Step 5: C4 Architecture Diagrams

Objective: Document system architecture at different levels

Context Level (System in environment):

C4Context
    title System Context - Hospeda Platform

    Person(guest, "Guest", "Tourist looking for accommodation")
    Person(owner, "Owner", "Accommodation owner")
    System(hospeda, "Hospeda Platform", "Tourism booking platform")

    System_Ext(clerk, "Clerk", "Authentication provider")
    System_Ext(mercadopago, "Mercado Pago", "Payment processor")
    System_Ext(email, "Email Service", "Transactional emails")

    Rel(guest, hospeda, "Searches and books", "HTTPS")
    Rel(owner, hospeda, "Manages listings", "HTTPS")
    Rel(hospeda, clerk, "Authenticates users", "API")
    Rel(hospeda, mercadopago, "Processes payments", "API")
    Rel(hospeda, email, "Sends notifications", "SMTP")
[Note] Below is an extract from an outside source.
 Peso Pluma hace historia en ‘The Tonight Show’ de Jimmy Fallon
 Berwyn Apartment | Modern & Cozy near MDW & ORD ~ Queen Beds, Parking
Container Level (Applications and data stores):

C4Container
    title Container - Hospeda Platform

    Person(user, "User")

    Container(web, "Web App", "Astro + React", "Public-facing website")
    Container(admin, "Admin Panel", "TanStack Start", "Management interface")
    Container(api, "API", "Hono", "Backend services")
    ContainerDb(db, "Database", "PostgreSQL", "Stores all data")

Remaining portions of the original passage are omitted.